We’ve been at war for 14 years — think of that — with nothing much to show for it. The major successes against al Qaeda and its siblings have been in Spec Ops and law enforcement, and certainly not by our conventional military forces, with the exception of the Surge in Iraq in 2007. Meanwhile, the number of genuine plots to launch attacks in America that have been stopped by police work is unnerving.

Meanwhile, we have a very expensive military establishment that doesn’t seem very effective. Here I am using General McChrystal’s metric that a military is as effective as its ability to shut down its enemy.

If the U.S. military were designed from scratch today, it would not look a lot like it is. West Point would have a central computer major, with minors in civil engineering, foreign languages and cultures, and so on. The Army would be as rigorous about intellectual abilities as it is about physical fitness, and graduating in the top 10 percent from CGSC would be a mark of distinction equal to finishing Ranger School.

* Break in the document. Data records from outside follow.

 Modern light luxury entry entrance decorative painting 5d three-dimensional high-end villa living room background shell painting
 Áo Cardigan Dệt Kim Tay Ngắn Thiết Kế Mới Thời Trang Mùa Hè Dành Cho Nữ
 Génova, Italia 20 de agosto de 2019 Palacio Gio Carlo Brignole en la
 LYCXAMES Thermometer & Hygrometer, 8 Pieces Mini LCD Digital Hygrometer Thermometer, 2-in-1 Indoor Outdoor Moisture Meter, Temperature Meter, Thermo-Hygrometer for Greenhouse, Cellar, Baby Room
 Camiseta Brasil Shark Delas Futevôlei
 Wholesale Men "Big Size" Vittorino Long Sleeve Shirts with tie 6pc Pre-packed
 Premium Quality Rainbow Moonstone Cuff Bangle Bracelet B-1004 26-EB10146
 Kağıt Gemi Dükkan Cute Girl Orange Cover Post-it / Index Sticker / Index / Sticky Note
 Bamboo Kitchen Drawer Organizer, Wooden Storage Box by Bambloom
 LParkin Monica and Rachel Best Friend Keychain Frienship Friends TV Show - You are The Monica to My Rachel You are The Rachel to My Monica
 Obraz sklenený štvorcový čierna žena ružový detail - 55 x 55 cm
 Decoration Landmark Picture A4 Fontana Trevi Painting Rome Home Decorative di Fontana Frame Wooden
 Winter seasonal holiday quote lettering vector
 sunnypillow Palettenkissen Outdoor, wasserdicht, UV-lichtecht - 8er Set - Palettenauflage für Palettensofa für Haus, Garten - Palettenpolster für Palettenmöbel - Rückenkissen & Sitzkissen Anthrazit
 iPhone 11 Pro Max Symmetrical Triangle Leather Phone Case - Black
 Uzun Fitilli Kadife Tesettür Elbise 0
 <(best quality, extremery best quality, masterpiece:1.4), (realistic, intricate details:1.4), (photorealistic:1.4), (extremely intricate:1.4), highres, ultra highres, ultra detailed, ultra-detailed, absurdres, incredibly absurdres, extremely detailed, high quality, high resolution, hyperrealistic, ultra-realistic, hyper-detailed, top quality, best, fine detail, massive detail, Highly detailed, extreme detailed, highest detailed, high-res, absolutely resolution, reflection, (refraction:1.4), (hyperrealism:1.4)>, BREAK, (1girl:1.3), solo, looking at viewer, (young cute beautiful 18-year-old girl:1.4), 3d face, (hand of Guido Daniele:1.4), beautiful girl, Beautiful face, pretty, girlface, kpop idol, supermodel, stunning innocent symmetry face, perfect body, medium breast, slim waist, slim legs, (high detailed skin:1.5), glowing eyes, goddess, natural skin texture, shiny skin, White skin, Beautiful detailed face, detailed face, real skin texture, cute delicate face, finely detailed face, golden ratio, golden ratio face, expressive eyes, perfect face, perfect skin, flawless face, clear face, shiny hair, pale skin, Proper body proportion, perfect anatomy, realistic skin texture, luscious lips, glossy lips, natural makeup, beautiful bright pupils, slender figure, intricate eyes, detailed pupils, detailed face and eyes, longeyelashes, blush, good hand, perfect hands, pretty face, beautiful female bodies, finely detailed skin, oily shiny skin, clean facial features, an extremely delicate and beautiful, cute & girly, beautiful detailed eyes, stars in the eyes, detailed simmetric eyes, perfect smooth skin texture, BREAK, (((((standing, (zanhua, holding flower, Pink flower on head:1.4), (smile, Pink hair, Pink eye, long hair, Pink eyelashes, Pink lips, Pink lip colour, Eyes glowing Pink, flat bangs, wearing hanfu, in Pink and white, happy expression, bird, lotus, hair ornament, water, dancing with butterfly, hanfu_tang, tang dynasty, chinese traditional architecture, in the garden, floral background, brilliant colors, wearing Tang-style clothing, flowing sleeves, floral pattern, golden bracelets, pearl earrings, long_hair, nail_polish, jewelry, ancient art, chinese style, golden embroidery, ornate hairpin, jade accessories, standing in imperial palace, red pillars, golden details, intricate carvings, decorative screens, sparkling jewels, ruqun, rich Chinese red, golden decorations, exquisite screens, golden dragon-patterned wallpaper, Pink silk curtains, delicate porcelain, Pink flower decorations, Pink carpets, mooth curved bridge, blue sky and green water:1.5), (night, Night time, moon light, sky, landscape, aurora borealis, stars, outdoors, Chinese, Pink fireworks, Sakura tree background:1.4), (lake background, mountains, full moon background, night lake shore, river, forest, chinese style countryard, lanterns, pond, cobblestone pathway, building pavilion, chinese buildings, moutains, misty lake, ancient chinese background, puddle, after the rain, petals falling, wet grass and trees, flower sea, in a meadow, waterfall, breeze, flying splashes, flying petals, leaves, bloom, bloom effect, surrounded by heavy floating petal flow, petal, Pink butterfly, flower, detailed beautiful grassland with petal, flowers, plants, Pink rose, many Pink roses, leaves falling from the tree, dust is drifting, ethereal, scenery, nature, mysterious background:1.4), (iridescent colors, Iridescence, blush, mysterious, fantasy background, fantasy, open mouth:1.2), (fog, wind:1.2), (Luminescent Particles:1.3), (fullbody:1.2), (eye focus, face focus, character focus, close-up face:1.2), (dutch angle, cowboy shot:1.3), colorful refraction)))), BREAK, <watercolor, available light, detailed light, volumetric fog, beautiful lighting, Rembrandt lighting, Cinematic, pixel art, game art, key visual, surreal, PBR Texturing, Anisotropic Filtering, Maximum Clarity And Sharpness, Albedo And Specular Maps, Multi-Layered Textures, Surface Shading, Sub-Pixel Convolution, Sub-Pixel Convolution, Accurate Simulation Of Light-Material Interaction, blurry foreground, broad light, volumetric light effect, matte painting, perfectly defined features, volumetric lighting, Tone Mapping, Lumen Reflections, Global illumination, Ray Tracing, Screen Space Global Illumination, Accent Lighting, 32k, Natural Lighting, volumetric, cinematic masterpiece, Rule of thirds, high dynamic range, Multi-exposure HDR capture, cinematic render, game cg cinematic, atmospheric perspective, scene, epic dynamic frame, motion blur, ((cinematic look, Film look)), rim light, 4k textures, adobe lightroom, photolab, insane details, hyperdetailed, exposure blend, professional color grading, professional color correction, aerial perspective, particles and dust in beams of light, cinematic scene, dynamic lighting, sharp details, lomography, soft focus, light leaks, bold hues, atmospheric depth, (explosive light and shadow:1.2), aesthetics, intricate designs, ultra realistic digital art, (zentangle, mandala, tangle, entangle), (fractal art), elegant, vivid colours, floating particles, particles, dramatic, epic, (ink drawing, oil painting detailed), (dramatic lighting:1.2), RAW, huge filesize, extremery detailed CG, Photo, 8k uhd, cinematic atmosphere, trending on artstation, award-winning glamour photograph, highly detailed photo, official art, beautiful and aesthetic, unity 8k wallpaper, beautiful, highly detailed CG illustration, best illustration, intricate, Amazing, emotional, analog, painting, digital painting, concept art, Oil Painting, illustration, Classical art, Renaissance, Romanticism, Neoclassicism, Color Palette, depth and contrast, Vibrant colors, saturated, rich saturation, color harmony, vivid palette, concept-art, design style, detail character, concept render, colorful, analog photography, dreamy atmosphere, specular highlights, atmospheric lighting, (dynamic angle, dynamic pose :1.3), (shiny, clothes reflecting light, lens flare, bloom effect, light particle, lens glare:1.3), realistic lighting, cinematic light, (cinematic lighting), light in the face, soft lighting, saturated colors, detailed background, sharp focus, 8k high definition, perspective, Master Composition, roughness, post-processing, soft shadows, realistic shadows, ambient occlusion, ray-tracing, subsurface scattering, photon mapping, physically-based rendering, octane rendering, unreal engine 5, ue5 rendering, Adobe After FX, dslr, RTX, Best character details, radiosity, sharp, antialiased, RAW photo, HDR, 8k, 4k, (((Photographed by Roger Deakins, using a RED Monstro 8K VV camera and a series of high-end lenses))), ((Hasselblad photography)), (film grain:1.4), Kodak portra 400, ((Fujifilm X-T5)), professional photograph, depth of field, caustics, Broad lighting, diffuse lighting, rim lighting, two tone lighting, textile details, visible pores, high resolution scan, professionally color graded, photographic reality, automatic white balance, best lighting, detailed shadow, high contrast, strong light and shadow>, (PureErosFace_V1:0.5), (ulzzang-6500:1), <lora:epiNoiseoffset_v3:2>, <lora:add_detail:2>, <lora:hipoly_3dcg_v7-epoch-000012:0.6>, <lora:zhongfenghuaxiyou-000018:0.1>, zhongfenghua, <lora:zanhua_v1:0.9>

More broadly, our entire military would be more flexible in personnel management. It also would seriously examine whether the aircraft carrier today is like the battleship of 1939, able to project great firepower but much more vulnerable than its supporters realize. Overall, it would examine whether the Industrial Era’s projection of mass has been replaced by an era of precision, and examine its force structure in that context. It still would have a chain of command, but the perspective would be very different. The job of the senior commander would not be to collect information and then make decisions, but to push out information and monitor decisions. Our force structure of today looks a lot like the American corporation of 1950, with a bloated middle management put there to oversee an ignorant work force fresh off the farm. This is no longer the case.

A 21st century U.S. military probably would drop efficiency as its core measure — that is an industrial era concept — and replaced it with adaptivity, which is the core metric of the information age. Adaptivity, by the way, is expressly inefficient. It also, I (and more importantly, McChrystal) think, the way to win nowadays. Over the last 14 years, we have been out-adapted consistently. Yet the military, rather than move into the Information Age, is busy trying to figure out how to make its machines work faster.

Speaking of which, it also would be brutally honest about its successes and failures of the last 14 years. It would examine how policies such as rotation undercut short-term successes. It would ask whether the FOB-centric model of warfare was the way to operate.

Fundamentally, it would seek to move into the Information Age. I do not see that happening, and it worries me.